**TASK DIRECTIONS**
Although the data below holds other lines too, output only those from the line with "Zdjęcie 7 z" up to and including the line with "New 2026 Cadillac", exactly as they appear.

-------- DATA LISTING --------

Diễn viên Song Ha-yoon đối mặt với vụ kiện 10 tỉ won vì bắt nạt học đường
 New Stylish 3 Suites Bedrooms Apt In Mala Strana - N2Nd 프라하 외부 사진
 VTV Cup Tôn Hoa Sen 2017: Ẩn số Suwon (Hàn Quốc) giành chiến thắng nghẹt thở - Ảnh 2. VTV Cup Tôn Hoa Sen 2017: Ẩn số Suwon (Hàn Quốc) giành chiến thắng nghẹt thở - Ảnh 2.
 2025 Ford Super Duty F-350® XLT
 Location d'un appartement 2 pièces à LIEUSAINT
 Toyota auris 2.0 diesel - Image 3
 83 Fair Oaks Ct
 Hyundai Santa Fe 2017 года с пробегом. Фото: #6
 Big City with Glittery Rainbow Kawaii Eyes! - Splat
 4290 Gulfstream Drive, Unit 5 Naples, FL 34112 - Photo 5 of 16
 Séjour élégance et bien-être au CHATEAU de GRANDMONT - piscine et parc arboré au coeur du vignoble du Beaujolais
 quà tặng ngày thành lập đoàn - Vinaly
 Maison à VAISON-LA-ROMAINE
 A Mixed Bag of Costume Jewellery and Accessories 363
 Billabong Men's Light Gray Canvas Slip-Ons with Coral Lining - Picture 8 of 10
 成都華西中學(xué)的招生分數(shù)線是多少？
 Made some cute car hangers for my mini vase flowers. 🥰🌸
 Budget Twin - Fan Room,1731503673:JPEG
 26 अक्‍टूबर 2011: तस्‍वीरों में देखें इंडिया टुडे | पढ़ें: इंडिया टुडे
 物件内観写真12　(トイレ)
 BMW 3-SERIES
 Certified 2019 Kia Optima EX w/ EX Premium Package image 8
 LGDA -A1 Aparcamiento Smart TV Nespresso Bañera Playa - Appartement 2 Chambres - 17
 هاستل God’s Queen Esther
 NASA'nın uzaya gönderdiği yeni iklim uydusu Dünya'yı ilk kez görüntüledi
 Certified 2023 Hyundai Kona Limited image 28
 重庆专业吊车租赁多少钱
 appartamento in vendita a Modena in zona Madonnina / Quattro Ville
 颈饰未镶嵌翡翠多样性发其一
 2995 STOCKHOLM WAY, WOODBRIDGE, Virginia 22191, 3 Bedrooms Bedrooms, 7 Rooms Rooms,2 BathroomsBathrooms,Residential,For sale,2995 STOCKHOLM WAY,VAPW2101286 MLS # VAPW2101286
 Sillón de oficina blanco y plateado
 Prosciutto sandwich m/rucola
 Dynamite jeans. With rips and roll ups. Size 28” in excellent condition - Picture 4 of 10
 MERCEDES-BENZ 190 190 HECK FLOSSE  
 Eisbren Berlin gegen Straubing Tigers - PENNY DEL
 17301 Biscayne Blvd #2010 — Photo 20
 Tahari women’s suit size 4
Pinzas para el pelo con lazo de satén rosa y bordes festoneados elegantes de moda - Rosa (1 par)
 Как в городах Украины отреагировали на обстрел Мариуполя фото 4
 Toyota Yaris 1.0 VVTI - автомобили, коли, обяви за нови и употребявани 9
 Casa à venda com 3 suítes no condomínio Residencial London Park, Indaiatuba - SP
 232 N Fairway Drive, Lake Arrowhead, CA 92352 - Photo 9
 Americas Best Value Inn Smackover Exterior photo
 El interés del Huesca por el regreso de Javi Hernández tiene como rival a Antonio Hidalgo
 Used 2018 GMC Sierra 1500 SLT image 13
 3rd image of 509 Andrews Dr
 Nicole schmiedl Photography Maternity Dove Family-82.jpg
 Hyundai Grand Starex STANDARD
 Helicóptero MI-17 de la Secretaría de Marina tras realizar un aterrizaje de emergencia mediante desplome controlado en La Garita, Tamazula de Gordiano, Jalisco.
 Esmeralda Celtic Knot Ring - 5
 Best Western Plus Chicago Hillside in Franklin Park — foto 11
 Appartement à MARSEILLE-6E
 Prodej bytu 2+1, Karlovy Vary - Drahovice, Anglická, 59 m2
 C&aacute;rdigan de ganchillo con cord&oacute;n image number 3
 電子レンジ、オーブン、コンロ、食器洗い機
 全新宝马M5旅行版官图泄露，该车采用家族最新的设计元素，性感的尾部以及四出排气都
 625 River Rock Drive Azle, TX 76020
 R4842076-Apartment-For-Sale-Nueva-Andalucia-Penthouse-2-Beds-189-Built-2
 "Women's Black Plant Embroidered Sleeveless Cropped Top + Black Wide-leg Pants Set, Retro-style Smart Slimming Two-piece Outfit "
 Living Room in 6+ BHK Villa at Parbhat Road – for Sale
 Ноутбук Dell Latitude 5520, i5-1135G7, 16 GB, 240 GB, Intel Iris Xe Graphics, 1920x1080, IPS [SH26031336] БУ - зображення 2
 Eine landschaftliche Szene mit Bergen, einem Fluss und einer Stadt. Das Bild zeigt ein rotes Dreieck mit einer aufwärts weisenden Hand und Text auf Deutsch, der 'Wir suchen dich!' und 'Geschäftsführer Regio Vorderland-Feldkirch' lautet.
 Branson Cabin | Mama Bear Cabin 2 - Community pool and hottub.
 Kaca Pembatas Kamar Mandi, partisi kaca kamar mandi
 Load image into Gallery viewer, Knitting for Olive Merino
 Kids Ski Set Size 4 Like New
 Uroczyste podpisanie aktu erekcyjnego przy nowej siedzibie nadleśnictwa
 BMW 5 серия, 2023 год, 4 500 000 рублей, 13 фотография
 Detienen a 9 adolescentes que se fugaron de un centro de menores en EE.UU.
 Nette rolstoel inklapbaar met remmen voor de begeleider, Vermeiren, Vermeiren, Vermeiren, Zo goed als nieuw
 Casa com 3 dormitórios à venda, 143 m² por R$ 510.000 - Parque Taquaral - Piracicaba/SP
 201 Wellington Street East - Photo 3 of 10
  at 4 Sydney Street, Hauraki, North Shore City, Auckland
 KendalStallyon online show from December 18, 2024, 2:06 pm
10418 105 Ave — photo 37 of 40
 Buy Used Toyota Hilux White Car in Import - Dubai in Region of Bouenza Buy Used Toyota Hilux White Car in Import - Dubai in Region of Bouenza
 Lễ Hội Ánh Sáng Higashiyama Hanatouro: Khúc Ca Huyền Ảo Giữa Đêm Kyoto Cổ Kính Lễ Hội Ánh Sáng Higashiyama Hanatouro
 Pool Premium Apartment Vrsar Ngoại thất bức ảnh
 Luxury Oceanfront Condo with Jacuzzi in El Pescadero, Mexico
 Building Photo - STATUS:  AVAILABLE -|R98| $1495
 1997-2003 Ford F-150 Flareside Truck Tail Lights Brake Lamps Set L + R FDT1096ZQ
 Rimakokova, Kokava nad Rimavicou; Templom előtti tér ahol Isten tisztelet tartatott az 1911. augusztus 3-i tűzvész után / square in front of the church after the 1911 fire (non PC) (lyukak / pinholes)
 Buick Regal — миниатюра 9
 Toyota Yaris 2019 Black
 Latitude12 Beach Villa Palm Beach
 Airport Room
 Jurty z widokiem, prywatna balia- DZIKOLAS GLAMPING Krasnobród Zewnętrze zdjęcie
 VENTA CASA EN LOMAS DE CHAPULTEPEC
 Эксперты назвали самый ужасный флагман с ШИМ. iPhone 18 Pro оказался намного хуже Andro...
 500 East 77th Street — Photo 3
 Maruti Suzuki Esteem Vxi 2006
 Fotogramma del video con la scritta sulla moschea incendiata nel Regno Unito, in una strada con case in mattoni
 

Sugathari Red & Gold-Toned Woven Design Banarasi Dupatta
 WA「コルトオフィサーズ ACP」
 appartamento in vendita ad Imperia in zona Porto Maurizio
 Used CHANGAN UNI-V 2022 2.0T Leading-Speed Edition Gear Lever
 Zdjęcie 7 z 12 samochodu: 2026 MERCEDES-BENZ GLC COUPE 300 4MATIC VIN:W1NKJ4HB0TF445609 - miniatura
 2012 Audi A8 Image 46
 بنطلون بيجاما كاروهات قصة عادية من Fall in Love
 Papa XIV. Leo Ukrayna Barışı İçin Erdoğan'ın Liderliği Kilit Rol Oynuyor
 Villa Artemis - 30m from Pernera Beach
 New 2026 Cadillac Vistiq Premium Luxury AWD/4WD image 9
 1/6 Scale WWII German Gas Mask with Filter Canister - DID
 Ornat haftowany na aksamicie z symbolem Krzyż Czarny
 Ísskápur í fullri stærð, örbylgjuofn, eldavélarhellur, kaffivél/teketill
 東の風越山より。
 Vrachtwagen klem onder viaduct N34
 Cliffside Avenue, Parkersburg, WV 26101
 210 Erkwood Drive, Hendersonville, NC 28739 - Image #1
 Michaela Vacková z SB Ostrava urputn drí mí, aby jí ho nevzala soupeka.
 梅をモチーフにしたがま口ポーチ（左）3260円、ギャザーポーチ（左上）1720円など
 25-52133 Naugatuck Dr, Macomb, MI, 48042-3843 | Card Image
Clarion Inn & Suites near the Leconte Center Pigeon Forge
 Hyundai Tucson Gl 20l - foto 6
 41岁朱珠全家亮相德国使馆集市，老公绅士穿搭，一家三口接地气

--------

**RESPONSE TO THE TASK**
 Zdjęcie 7 z 12 samochodu: 2026 MERCEDES-BENZ GLC COUPE 300 4MATIC VIN:W1NKJ4HB0TF445609 - miniatura
 2012 Audi A8 Image 46
 بنطلون بيجاما كاروهات قصة عادية من Fall in Love
 Papa XIV. Leo Ukrayna Barışı İçin Erdoğan'ın Liderliği Kilit Rol Oynuyor
 Villa Artemis - 30m from Pernera Beach
 New 2026 Cadillac Vistiq Premium Luxury AWD/4WD image 9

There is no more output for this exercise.